+++ Information shown +++
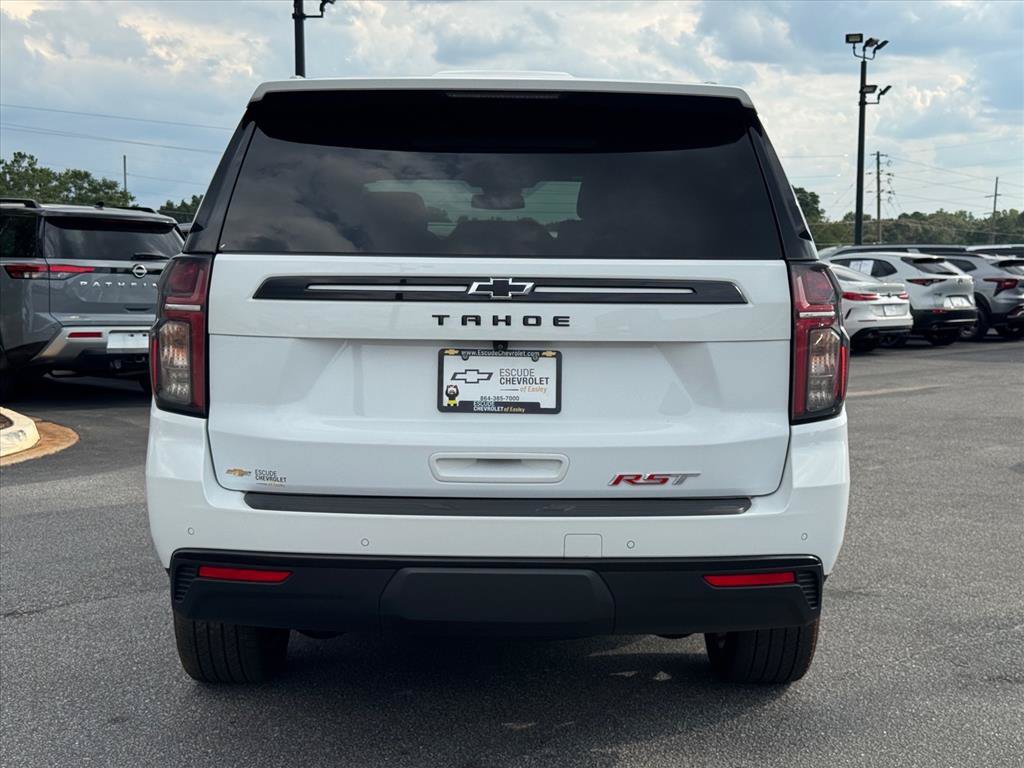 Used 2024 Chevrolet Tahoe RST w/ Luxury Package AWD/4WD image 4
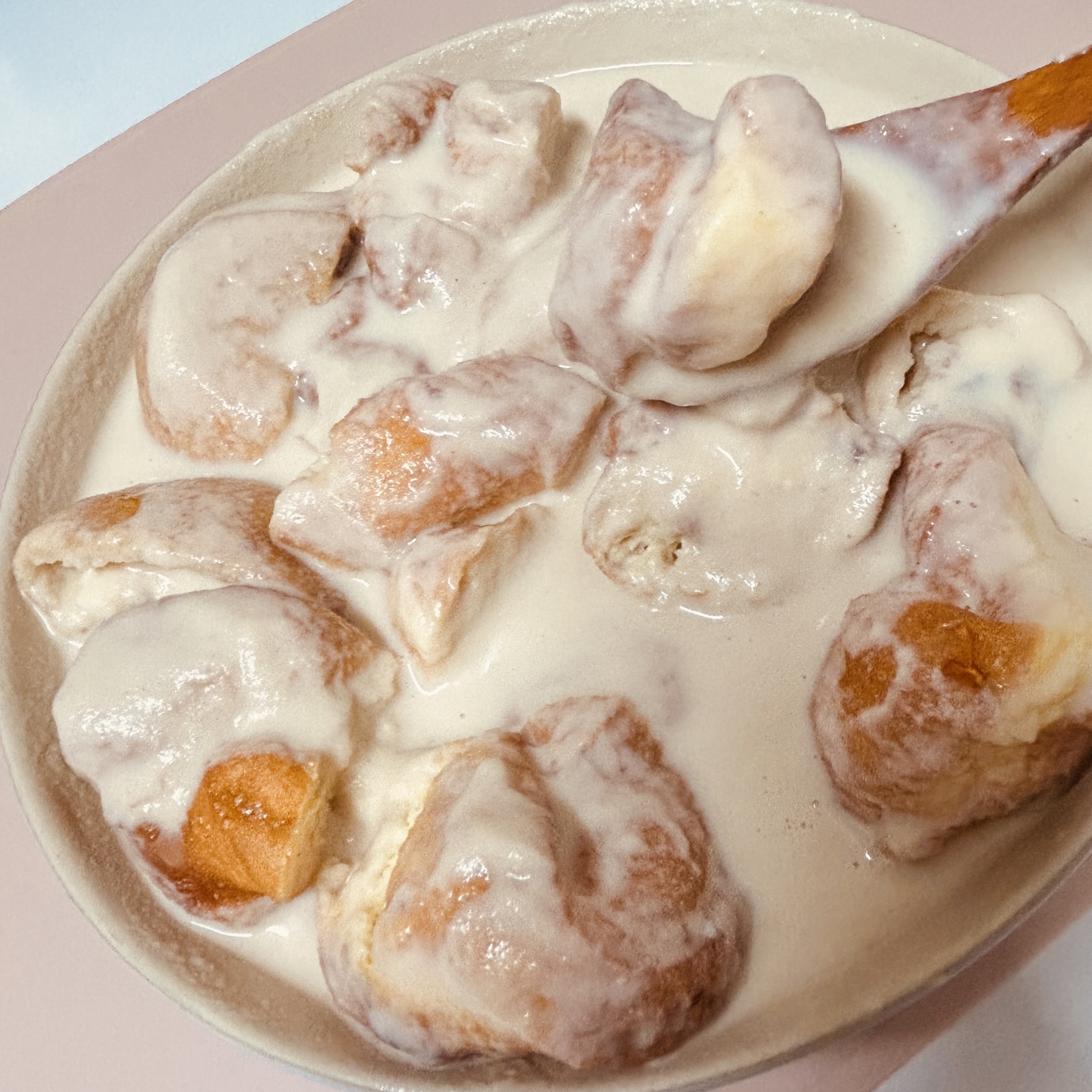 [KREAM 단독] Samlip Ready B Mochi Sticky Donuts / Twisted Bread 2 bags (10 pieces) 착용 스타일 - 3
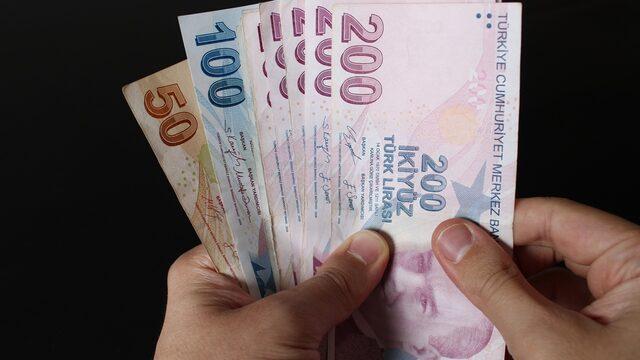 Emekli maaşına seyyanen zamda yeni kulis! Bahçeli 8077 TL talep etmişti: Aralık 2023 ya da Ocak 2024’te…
+++
■ Task goal
Every line from the one holding "[KREAM 단독] Samlip" to the last line of the listing above, inclusive, must appear exactly as written, and no picture may appear.

■ Result of this task
 [KREAM 단독] Samlip Ready B Mochi Sticky Donuts / Twisted Bread 2 bags (10 pieces) 착용 스타일 - 3
 Emekli maaşına seyyanen zamda yeni kulis! Bahçeli 8077 TL talep etmişti: Aralık 2023 ya da Ocak 2024’te…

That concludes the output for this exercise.